= EXERCISE PROMPT =
Write out the line that holds "cheeky_cherry_'s cam snapshot" together with every line that follows it to the end of the material below, exactly. Omit the pictures.

= DATASET SECTION =
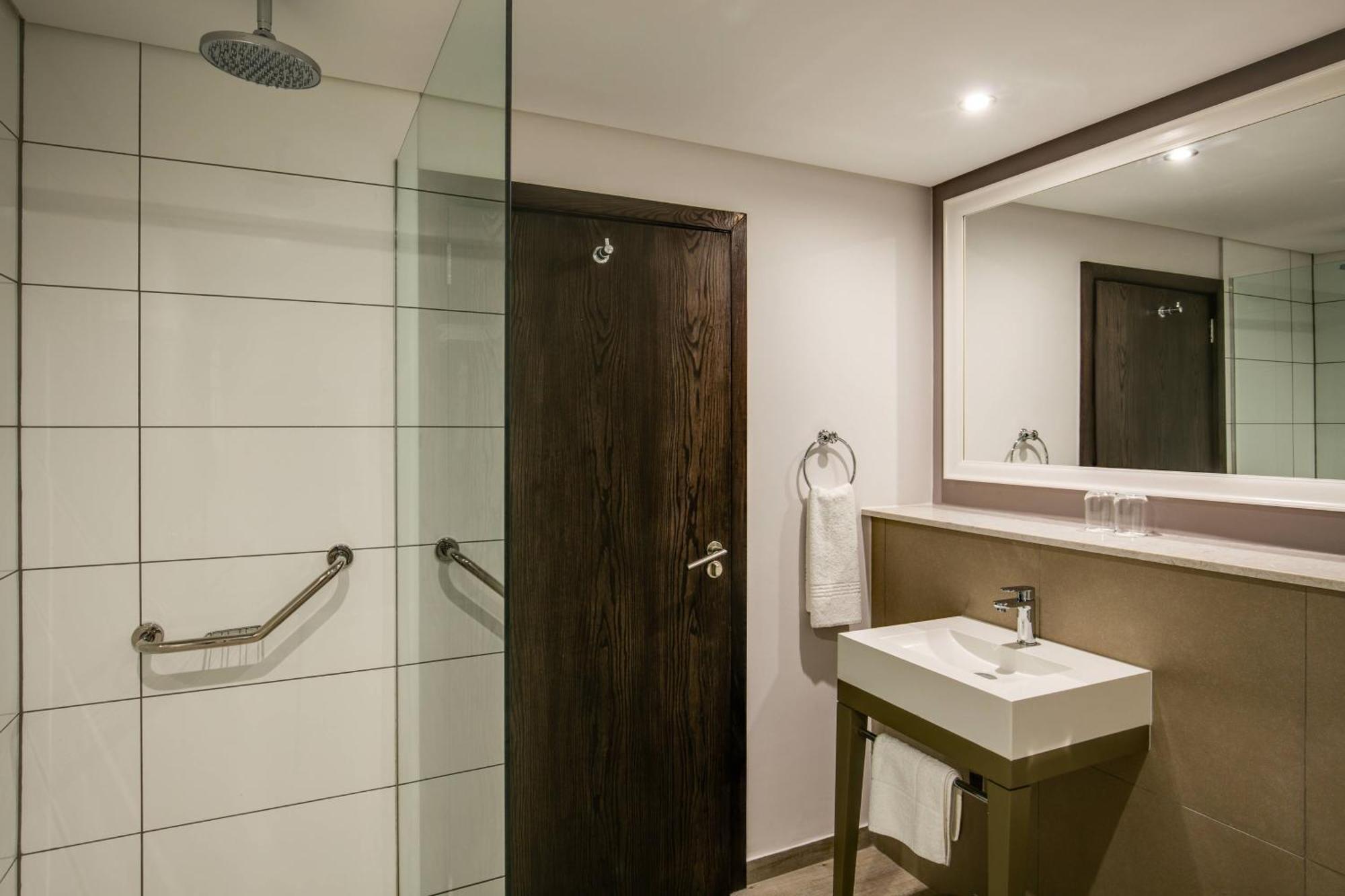 Protea Hotel By Marriott Durban Umhlanga Exterior photo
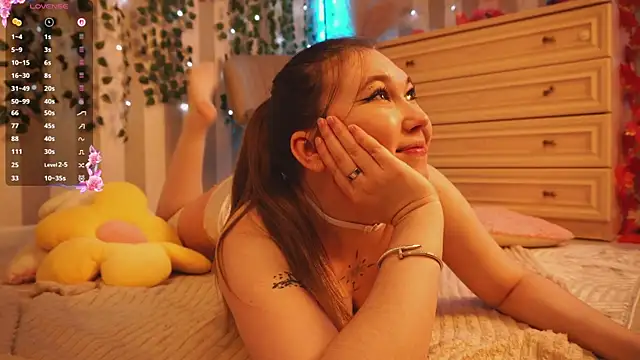 cheeky_cherry_'s cam snapshot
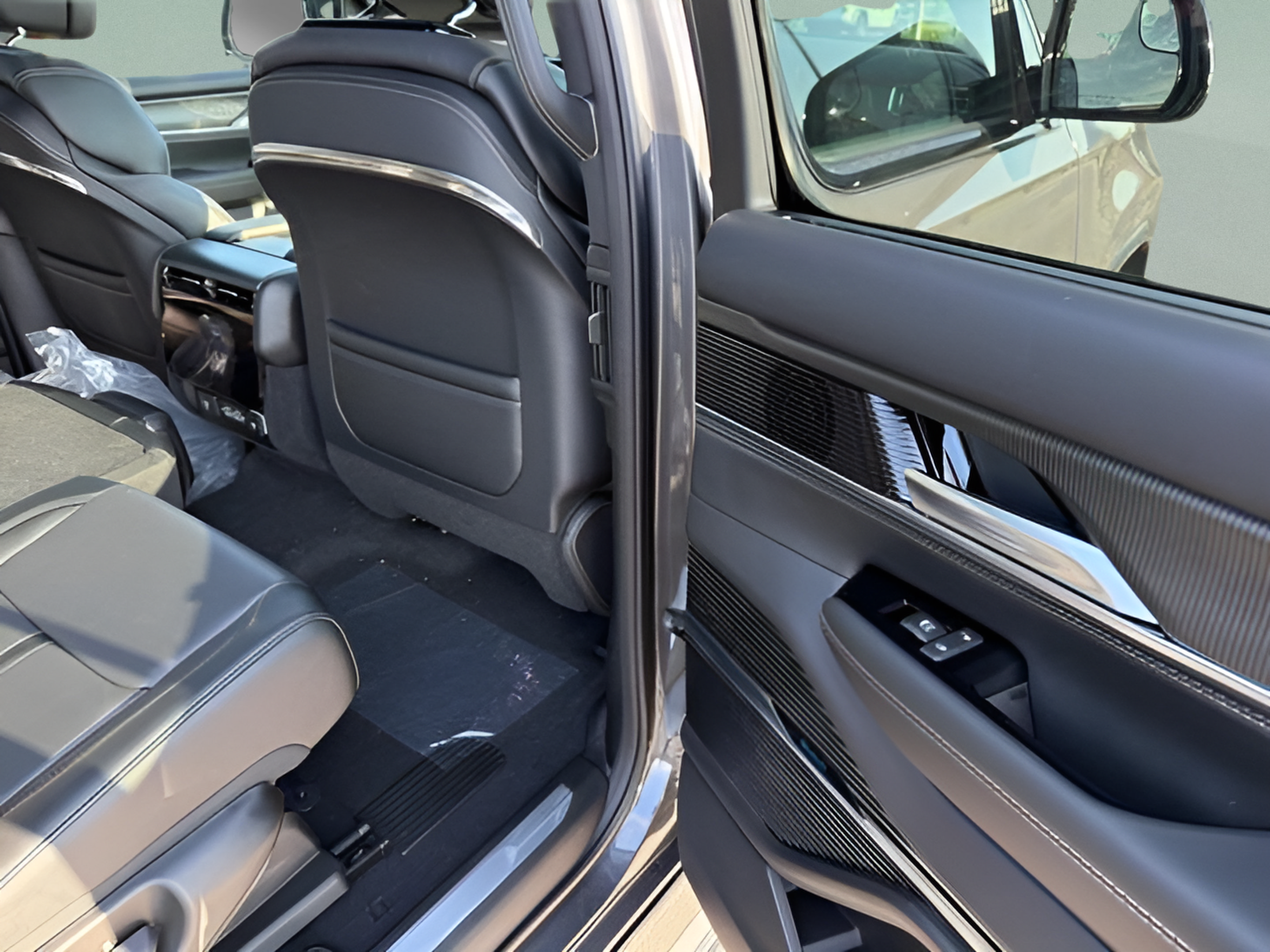 New 2026 Jeep Grand Wagoneer L Summit w/ 8-Passenger Seating Package AWD/4WD image 11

= EXERCISE SOLUTION =
 cheeky_cherry_'s cam snapshot
 New 2026 Jeep Grand Wagoneer L Summit w/ 8-Passenger Seating Package AWD/4WD image 11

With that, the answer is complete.